▸ Referring expression grounding data

━━━━━━━━━━━━━━━━━━━━

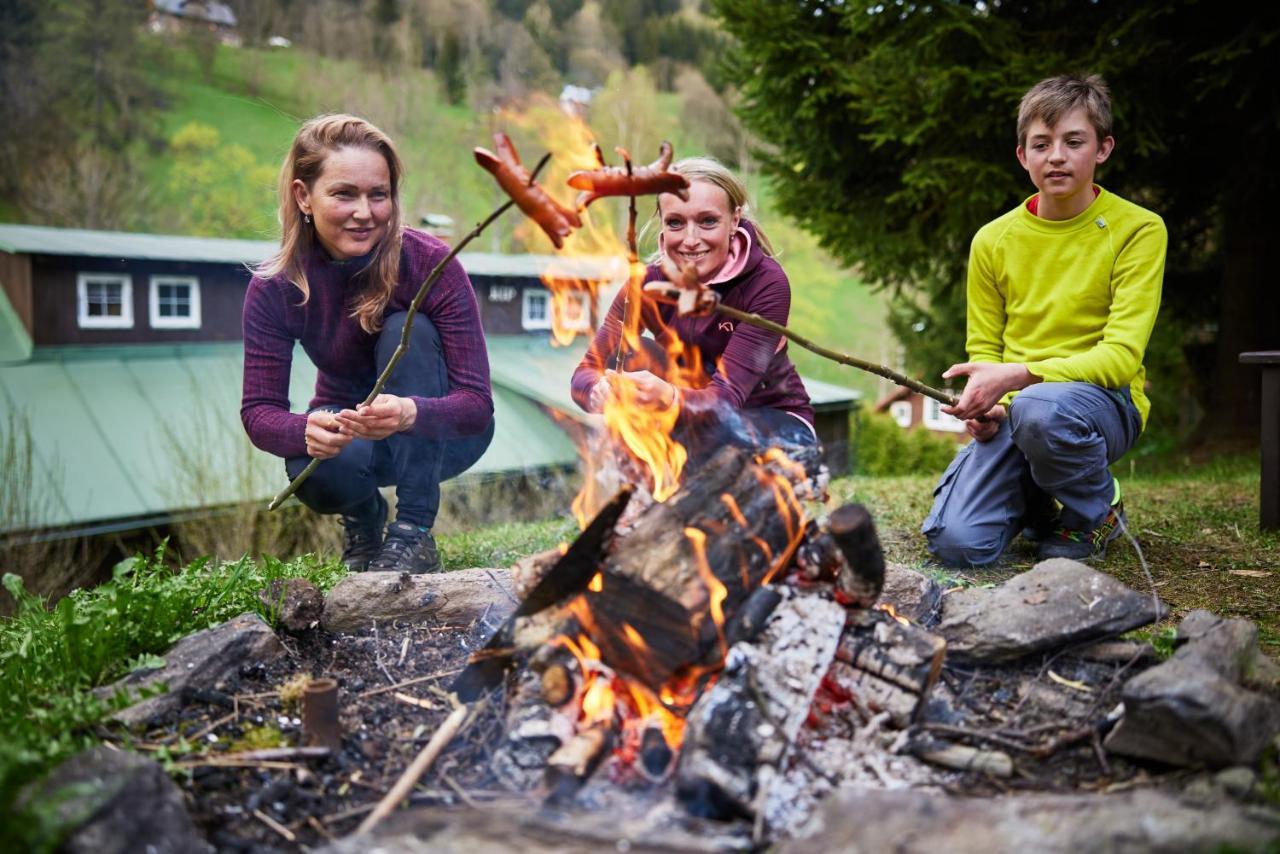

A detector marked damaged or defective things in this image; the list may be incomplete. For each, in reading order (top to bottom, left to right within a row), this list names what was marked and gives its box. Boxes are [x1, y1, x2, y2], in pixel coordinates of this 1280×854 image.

burnt wood piece [453, 486, 632, 701]
burnt wood piece [586, 445, 824, 691]
burnt wood piece [824, 504, 885, 604]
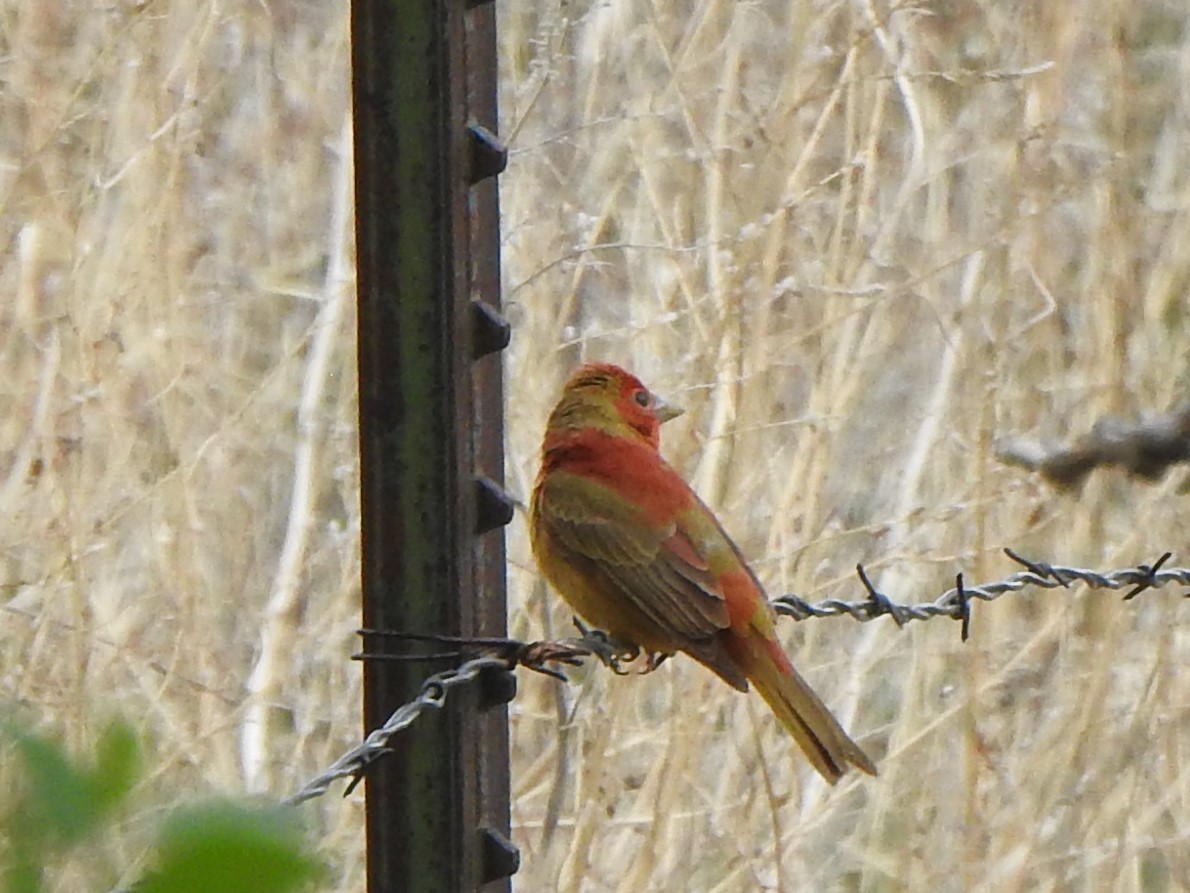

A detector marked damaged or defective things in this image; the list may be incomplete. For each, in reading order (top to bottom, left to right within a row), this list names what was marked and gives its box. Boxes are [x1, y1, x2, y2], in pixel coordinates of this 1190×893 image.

rusty metal [350, 0, 508, 888]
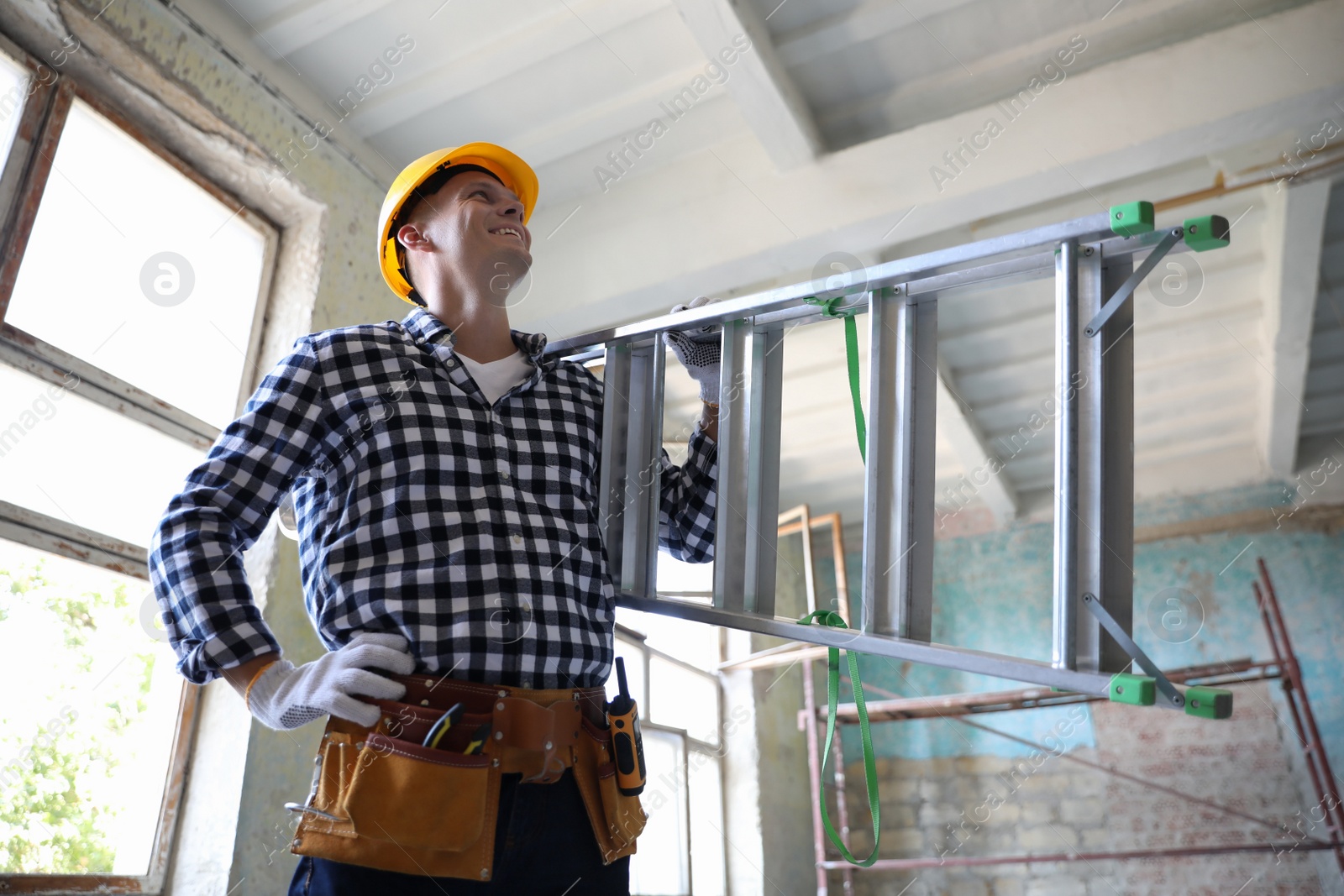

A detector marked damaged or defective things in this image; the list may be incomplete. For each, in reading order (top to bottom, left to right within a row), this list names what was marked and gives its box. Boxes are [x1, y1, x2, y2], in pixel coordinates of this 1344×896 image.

━━━━━━━━━━━━━━━━━━━━

▸ Exercise objective
Exactness is what counts here: copy each entry as given and omit its pictures.

▸ Written reply
A detector marked damaged or defective things in this image; the list may be incomplete. For each, in reading order (top to bottom, left to right within a row), this list names what was marked and gives its box. Boxes are [x1, y1, x2, y2], in pixel coordinates of this 1280×854 image.

burnt wood piece [453, 486, 632, 701]
burnt wood piece [586, 445, 824, 691]
burnt wood piece [824, 504, 885, 604]

A detector marked damaged or defective things in this image; the list may be incomplete. For each, in reading order (top to bottom, left to right within a row), this list names what was marked and gives its box. Boxes are [x1, y1, x2, y2], in pixel coordinates of this 1190×893 image.

rusty metal [350, 0, 508, 888]

A detector marked damaged or defective things in this image; the list may be incomplete. For each, in reading order (top to bottom, left to right within a row), this list names what was marked and gives its box. Boxes are [x1, y1, x2, y2], in pixel coordinates of this 1344×896 image.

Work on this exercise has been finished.